1. Transferring this as a pension, this would go into a locked RSP, I assume a LIRA. 
2. I want to confirm whether this is just effectively a drag and drop from a Swiss pension structure into a Canadian pension structure and there wont be any unexpected taxes on the Canadian side. 
3. I also want to access some cash early and can either do this (in Ontario) through a hardship clause or - my bank mentioned they could convert half the LIRA into a standard RSP - is this allowed? 

I know there are some fees to transfer it on the Swiss side, but all I need to know right now is whether the pension wrapper stays intact as it comes to Canada - I dont want (as my Bank suggested) this to arrive in cash and expose me to huge income tax on cash. 

Does anyone have any experience of this, otherwise - where can I go in Canada and find a cheap basic source of information, please? 

Thank you very much for your help, 

Matthew


----------



## NickZ (Jun 26, 2009)

At the moment I don't know what's open. You used to be able to ask for an opinion from your nearest tax office that would be the safe option.
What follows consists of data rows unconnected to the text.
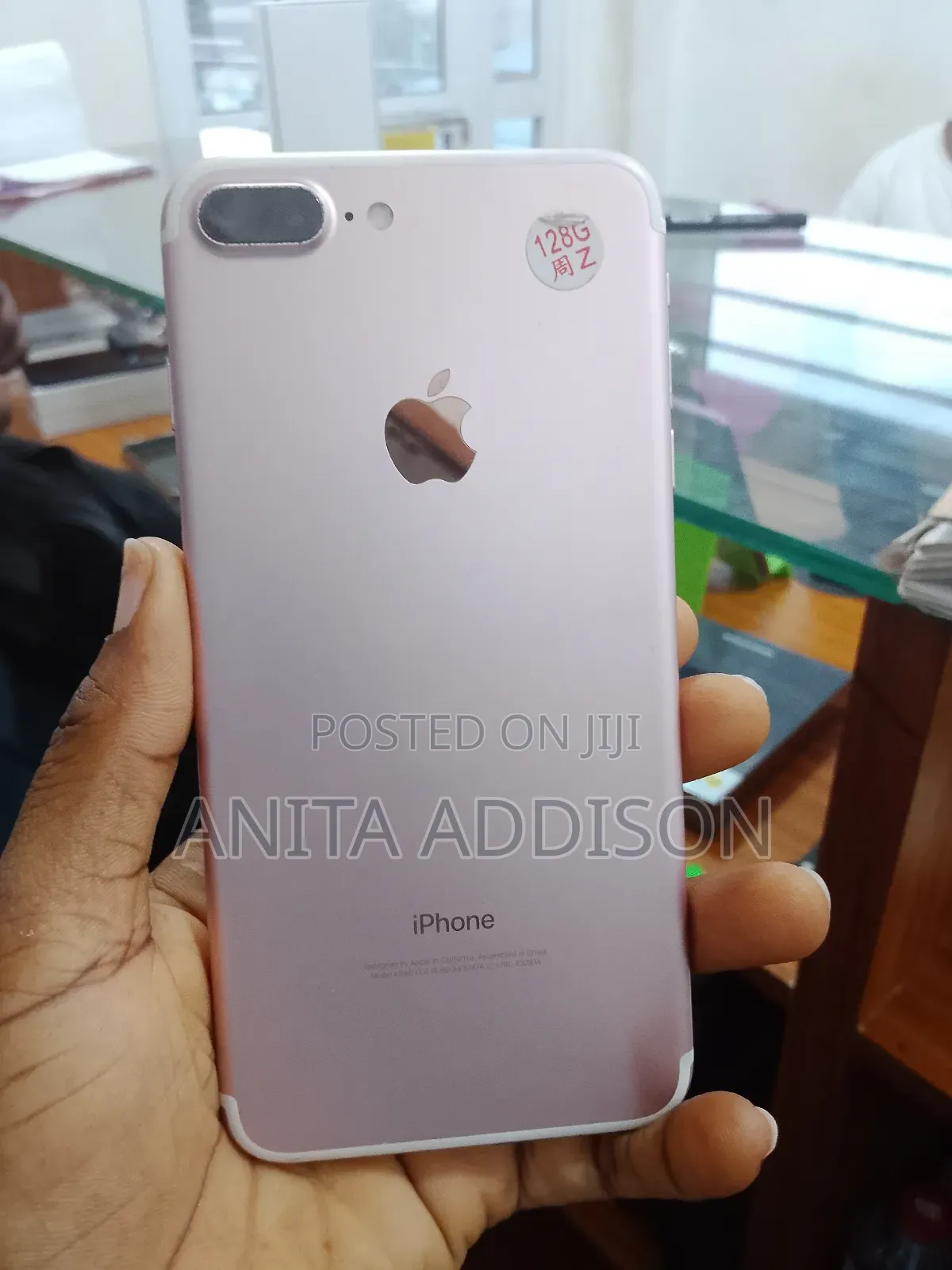 Apple iPhone 7 Plus 128 GB Pink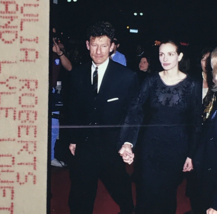 1993 Julia Roberts &amp; Lyle Lovett Pelican Brief Premier Photo Transparency Slide - £7.34 GBP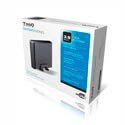 Caja Hdd Tooq Tqe-3509s 3.5'' Sata3 Usb2.0 Plata | Quonty.com | TQE-3509S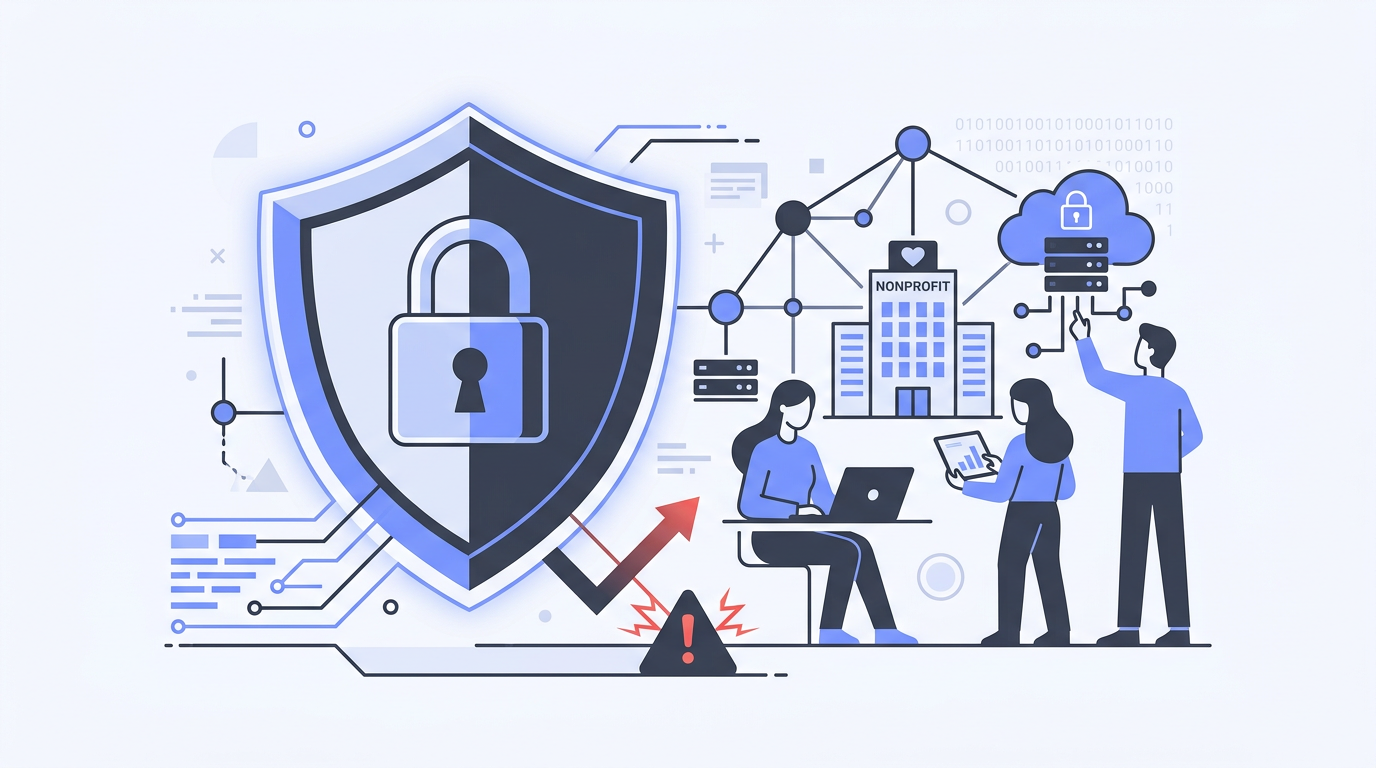 Nonprofits and Cybersecurity: Ignorance is Not Bliss!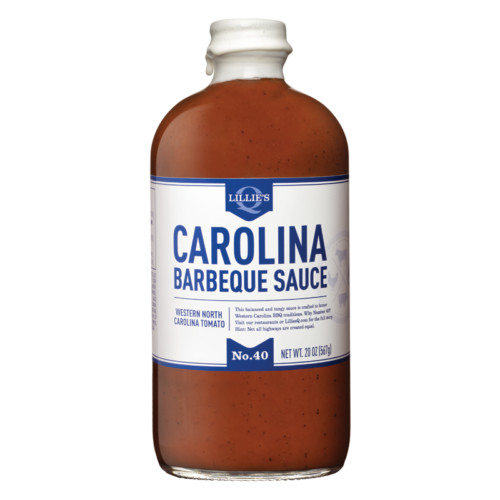 Соус барбекю CAROLINA 470мл бутылка/стекло LS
Just moving the money into your RRSP is going to use up your contribution room. Do you have enough? Do you really want to do that?

https://www.canada.ca/en/revenue-ag.../topics/rrsps-related-plans/transferring.html

Those are the options that don't use contribution room but I don't think any non Cdn sources would be allowed. 

The simplest thing is likely to leave it where it is and draw funds when you need them. The social security agreement between the two countries will hopefully give you an idea on any tax issues.


----------



## Bloop (May 12, 2020)

Thank you, NickZ

Since this is already in a pension structure, I had the impression from somewhere that it could be just dropped into a RSP without affecting any contribution room - actually, I havent been employed yet in Canada so I havent built up any room at all. 

Just one thing - when you say local tax office - I assume you mean a private tax specialist and that this isnt something the canadian pensions dept (government) would offer? 

Thank you for your response and the link, in any case - much obliged 

M


----------



## NickZ (Jun 26, 2009)

No I meant your local Canada Revenue agency office. Any lawyer or CA could give you an opinion but it would be worth very little if the CRA disagrees. If you can get an appointment to talk to somebody there and they put into writing that it's okay you're much safer.


----------



## NickZ (Jun 26, 2009)

https://www.canada.ca/en/revenue-ag...international-tax-non-resident-enquiries.html

You could also try that but it really depends on your luck with who answers the phone.


----------



## Booth44 (Apr 23, 2016)

Is there some pressing reason why you can't leave the pension domiciled in Switzerland as is?

You'd have to look at the tax treaty between Canada and Switzerland for a definitive answer, or seek out someone who was an expert in this area, as to whether you can roll your Swiss private pension into a LIRA. 

If you can, then there shouldn't be any tax consequences from the Canadian side unless and until you withdraw funds from a Canadian registered investment. I'm pretty confident that there won't be any hardship clauses allowing you to avoid Canadian tax if you cash out some of your RRSP/LIRA. On the other hand, if you have significant hardship such as very low income in Canada then you may not end up paying much, if any, Canadian tax.


----------



## NickZ (Jun 26, 2009)

I doubt the tax treaty would really apply in this case. He needs to find the social security treaty. It might have a section on company pension plans.


----------



## NickZ (Jun 26, 2009)

https://www.treaty-accord.gc.ca/text-texte.aspx?lang=eng&id=102192

And I don't see anything .


----------



## Bevdeforges (Nov 16, 2007)

Is this a private pension or a government pension (i.e. a government mandated pension program)?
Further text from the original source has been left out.